Task description -> From the listing below, work out how many lines contain "Image"; the answer is that number and nothing more.

Task input ->
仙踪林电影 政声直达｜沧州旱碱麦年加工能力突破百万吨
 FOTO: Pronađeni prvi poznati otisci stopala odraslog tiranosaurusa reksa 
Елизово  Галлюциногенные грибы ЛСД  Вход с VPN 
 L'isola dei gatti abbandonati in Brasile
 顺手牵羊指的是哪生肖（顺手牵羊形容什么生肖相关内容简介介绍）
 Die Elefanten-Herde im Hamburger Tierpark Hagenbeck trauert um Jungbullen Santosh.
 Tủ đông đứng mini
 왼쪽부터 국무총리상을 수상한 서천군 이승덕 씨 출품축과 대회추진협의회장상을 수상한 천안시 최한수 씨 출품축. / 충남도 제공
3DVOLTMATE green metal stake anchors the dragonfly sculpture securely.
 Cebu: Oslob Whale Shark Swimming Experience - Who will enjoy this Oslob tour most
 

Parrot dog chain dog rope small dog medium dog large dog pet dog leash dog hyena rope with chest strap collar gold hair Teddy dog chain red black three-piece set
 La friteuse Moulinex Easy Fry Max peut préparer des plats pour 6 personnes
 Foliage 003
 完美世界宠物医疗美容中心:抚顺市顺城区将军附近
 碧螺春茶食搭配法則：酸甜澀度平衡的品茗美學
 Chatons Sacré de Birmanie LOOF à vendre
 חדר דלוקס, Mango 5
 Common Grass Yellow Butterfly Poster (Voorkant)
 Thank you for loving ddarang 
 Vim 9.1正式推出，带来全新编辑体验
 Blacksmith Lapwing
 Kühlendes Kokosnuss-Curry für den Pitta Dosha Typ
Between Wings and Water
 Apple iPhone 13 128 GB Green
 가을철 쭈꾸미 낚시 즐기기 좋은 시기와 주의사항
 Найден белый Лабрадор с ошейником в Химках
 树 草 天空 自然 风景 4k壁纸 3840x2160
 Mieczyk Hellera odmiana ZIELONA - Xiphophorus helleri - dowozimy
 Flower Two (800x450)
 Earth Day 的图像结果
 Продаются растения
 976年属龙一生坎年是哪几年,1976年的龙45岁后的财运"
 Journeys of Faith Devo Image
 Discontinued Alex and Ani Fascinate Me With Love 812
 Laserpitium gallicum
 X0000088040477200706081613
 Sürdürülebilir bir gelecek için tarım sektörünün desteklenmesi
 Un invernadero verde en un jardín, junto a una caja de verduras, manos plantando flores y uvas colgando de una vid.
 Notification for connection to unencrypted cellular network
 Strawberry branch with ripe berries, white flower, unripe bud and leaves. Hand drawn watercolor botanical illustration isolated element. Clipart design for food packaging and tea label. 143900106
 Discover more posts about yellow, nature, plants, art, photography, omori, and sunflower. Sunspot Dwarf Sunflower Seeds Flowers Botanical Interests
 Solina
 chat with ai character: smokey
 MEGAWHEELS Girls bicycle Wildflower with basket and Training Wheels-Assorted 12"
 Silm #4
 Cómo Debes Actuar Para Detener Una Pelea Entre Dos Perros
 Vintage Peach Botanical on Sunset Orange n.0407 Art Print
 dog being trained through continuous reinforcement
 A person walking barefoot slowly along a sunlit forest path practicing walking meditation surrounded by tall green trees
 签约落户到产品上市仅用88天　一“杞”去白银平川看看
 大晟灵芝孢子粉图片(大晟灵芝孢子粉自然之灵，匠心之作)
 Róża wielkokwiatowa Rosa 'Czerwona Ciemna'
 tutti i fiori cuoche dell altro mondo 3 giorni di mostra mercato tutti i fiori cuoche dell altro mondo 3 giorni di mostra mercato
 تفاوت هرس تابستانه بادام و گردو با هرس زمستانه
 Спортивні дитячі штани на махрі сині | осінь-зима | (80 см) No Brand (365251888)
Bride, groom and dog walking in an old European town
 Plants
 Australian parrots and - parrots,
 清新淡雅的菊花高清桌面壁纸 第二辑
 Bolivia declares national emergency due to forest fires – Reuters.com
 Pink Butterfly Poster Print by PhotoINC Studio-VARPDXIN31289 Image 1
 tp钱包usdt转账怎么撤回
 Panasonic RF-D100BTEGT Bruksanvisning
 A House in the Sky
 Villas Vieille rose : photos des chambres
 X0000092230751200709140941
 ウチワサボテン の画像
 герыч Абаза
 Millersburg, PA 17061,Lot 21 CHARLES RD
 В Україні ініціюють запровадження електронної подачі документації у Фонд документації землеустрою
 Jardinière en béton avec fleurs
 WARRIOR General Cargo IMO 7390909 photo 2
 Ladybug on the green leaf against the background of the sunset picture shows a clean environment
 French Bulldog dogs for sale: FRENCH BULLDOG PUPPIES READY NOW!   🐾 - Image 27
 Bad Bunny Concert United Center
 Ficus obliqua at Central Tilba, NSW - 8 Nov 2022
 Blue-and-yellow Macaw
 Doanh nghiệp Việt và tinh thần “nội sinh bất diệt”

Answer area -> 3